小説

『ハンス・フォン・カメ男爵とぼく』おおぬまいくこ(『浦島太郎』)

 いつもの帰り道、防波堤の上を平均台のようにバランスをとって歩いていると、浜から父さんが声をかけた。
「おーい、マサキ、今帰ってきたのか」
「うーん!」
 漁船の船体を磨く手をとめてこっちを見ている父さんに、ぼくは手を振った。
「まぁた、図書館に行ってたのか?」
 と父さんは言った。
「そ」
 ぼくは、短く、そして小さな声で返事をして、また両腕を水平にして歩き出した。父さんが「まぁた……か」と言うときは決まって後に続く言葉がある。
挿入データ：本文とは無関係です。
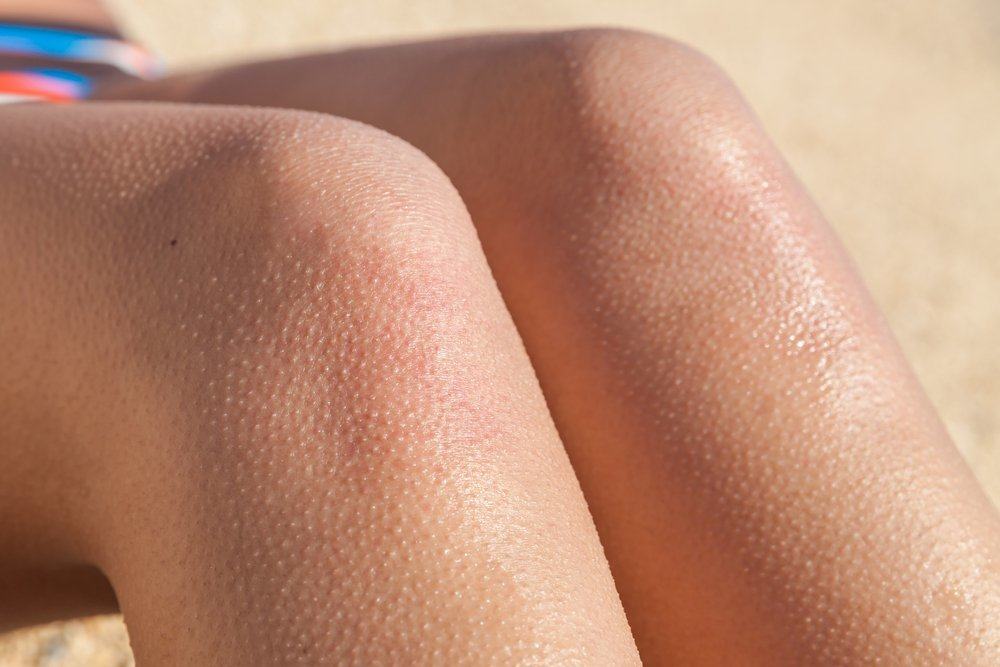 Ini adalah penyebab kulit kita boleh meresap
「本ばかり読んでないで、ちっとは泳ぎの練習でもしたらどうだ? 漁師の息子がカナヅチでどうすんだ?」
とくる。
 ぼくは、五年生にもなって泳げない。漁師の息子なのに船酔いする。ぼくは自分でも父さんみたいに、たくましくていい漁師にはなれないよなぁ、と思う。
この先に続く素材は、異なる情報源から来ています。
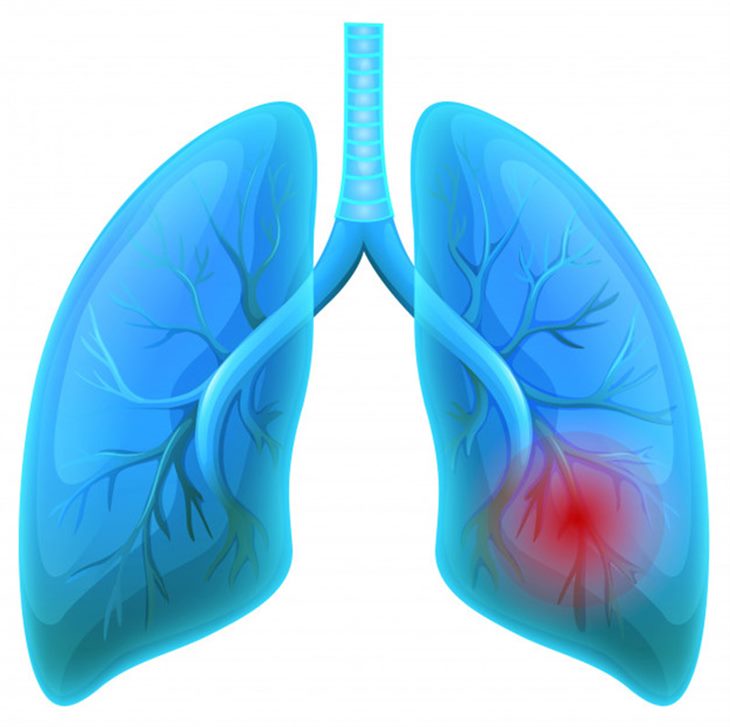Thời gian sống của người bị u phổi được đánh giá như thế nào?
 ふっと溜め息をついたとき、向うからとなりの家のなおこお姉さんがやって来た。セーラーの時からきれいだったけど女子大に入ってから、色とりどりの服を着るようになったなおこお姉さんはほんとにきれいだった。
「あら、マサキちゃん、お帰りなさい。ね、ちょっとうちに寄っていかない? 見せたいものがあるのよ」
「え、なぁに?」
 ぼくは、なおこお姉さんに声を掛けられたうれしさで胸がどきんとした。でも、あんまり興味ないんだけど、という顔をつくろうとつとめた。
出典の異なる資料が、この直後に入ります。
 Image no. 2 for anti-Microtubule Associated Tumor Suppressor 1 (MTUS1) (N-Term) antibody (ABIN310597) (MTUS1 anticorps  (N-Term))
 だって、わぁいくいく、なんて言って喜んでついていくのは、もうこどもっぽいからね。

 なおこお姉さんは、おひな様のような人だ。黒くて長い髪、白い頬。
 いつだったか、お母さんとデパートに行った時、ぼくは人形売り場のおひな様にみとれてしまった。びっくりするほどなおこお姉さんにそっくりだったんだもの。きっと昔話に出てくるお姫様というのは、なおこお姉さんみたいだったに違いない。
 ぼくは、思わず手を伸ばしてそのふっくらしたおひな様の頬に触れようとした。
ピシャッ! はっとすると、母さんが目をつりあげて怒って言った。